PROBLEM: Only one stretch of the records below should be repeated. It starts with the line containing "Возвращение: Производитель Манн, Иванов" and goes on through the line containing "Ellie My Love ❤ Chapter 1 page 5", exactly as written.

Top of DATA EXCERPTS

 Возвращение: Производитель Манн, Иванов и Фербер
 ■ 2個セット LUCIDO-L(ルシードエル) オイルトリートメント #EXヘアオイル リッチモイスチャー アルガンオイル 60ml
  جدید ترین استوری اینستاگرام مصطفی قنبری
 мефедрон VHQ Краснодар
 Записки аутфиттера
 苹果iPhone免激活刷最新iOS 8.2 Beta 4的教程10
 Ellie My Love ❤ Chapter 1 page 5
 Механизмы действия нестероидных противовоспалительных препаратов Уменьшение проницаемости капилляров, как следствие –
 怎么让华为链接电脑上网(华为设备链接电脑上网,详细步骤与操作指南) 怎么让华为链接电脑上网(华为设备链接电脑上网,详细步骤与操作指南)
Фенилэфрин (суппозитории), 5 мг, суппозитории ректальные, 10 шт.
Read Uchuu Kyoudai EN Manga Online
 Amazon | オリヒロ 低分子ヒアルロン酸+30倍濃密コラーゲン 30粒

Bottom of DATA EXCERPTS
Top of DATA EXCERPTS

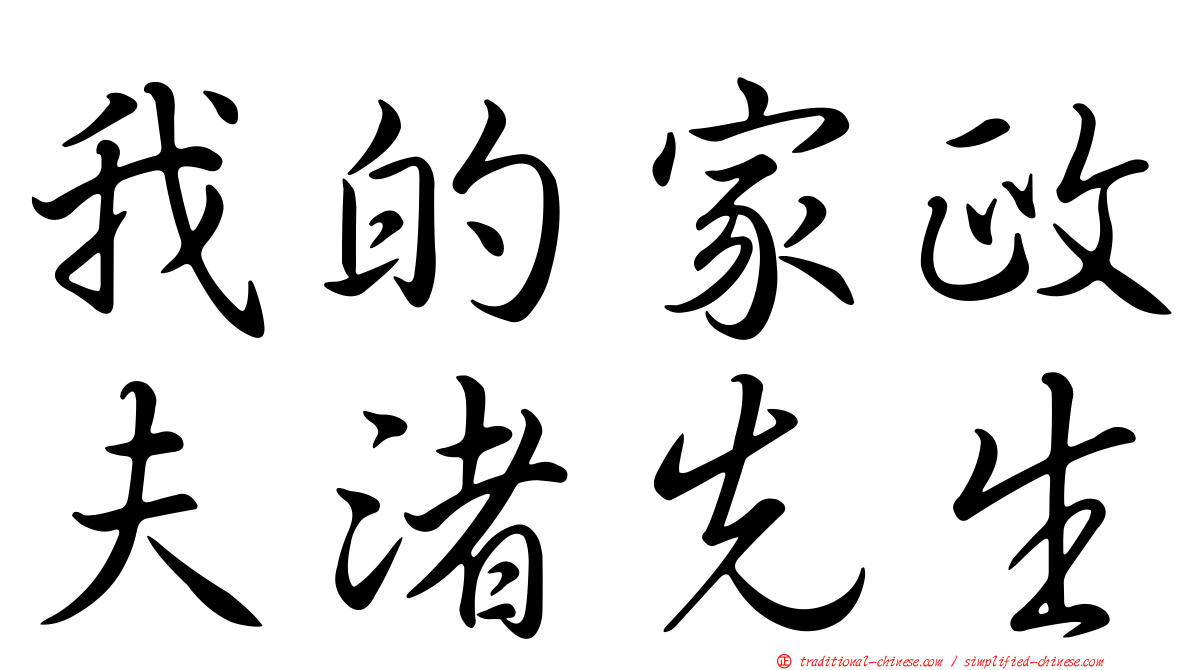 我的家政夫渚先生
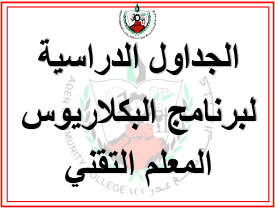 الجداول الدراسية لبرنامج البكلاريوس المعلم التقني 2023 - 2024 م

Bottom of DATA EXCERPTS
Top of DATA EXCERPTS

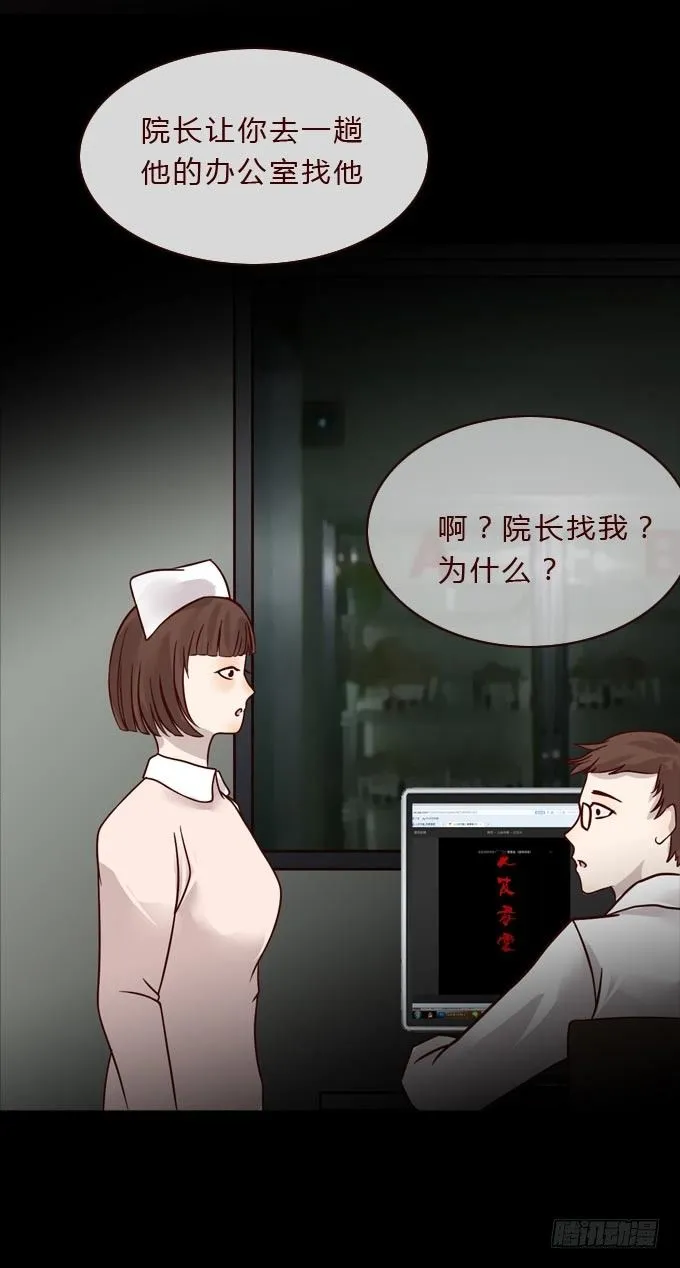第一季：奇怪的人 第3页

Bottom of DATA EXCERPTS

TASK RESPONSE:
 Возвращение: Производитель Манн, Иванов и Фербер
 ■ 2個セット LUCIDO-L(ルシードエル) オイルトリートメント #EXヘアオイル リッチモイスチャー アルガンオイル 60ml
  جدید ترین استوری اینستاگرام مصطفی قنبری
 мефедрон VHQ Краснодар
 Записки аутфиттера
 苹果iPhone免激活刷最新iOS 8.2 Beta 4的教程10
 Ellie My Love ❤ Chapter 1 page 5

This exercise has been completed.